Do currency exchange returns exhibit reliable daily patterns? In their March 2012 paper entitled “Intraday Patterns in FX Returns and Order Flow”, Francis Breedon and Angelo Ranaldo investigate currency exchange returns during local trading hours and the balance of the day. They analyze six exchange rates: euro-U.S. dollar; U.S. dollar-yen; Great Britain pound-U.S. dollar; euro-yen; U.S. dollar-Swiss franc; and, Australian dollar-U.S. dollar. Using hourly currency exchange spot bid, ask and execution prices and order flow data for January 1997 through May 2007 (mostly excluding weekends but including holidays) converted to New York time, they find that:

  • Currencies tend to depreciate during their respective local trading hours.
  • A simple trading strategy that trades currency pairs based on this tendency is not profitable for most pairs because of trading frictions (bid-ask spreads). It is profitable after bid-ask spread for the euro-U.S. dollar pair.
  • Order flow pressures confirm this pattern, deriving from a tendency of international investment funds to be net purchasers of other currencies during their own trading hours.
  • Data from a single market maker for January 2005 through May 2007 generally corroborates, with banks and investment funds tending to sell their own currencies during local trading hours.
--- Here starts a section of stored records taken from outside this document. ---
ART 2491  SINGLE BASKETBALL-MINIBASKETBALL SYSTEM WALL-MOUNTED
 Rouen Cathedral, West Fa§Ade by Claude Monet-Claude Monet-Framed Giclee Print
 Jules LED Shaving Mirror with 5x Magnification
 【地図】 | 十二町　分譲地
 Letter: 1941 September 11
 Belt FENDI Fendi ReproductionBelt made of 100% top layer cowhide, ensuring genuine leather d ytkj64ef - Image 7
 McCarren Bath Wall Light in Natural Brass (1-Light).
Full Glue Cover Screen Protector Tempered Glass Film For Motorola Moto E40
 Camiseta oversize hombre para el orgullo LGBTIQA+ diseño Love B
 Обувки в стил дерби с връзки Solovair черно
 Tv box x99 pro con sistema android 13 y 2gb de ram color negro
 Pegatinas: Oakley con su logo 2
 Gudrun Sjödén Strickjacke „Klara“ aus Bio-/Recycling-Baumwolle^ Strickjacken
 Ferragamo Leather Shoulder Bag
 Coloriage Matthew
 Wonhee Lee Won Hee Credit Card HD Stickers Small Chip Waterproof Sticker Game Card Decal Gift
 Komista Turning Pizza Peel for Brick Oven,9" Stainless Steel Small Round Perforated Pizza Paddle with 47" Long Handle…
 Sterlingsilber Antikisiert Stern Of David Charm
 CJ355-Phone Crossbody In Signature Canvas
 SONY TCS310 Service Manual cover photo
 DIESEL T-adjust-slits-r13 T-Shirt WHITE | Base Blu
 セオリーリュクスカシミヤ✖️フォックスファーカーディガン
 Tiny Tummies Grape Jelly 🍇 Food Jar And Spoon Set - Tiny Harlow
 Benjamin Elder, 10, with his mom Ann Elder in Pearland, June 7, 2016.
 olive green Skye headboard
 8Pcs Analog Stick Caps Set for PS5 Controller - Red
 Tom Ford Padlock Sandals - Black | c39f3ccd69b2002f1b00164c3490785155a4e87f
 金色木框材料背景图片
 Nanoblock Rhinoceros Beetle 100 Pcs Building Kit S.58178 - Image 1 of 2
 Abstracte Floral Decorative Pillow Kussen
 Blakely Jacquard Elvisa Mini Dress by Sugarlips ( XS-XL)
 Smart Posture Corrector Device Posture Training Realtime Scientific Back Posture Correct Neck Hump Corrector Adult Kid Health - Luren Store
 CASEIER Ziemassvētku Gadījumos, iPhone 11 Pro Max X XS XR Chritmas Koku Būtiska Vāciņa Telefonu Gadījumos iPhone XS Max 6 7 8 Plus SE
The following chart, taken from the paper, summarizes average gross logarithmic returns by year for the euro-U.S. dollar spot exchange rate, measured in dollars per euro (2007 partial through May, and substituting Deutsche marks for euros prior to 1999). There is a consistent tendency for the euro to appreciate (depreciate) against the dollar during the core trading session in the U.S. (Europe).

In summary, evidence suggests that currency traders may be able to gain an edge by timing buys (sells) of specific currencies with the ends (beginnings) of local core trading hours for those currencies.

Cautions regarding findings include:

  • As noted in the paper, the bid-ask spread more than consumes the gross trading pattern, but investors trading for other reasons may benefit.
  • The paper does not address broker fees or return on investment for the net profitable euro-dollar trading day pattern
  • The end of the sample period is over five years old (about half the sample duration), inviting the question of whether findings persist since May 2007.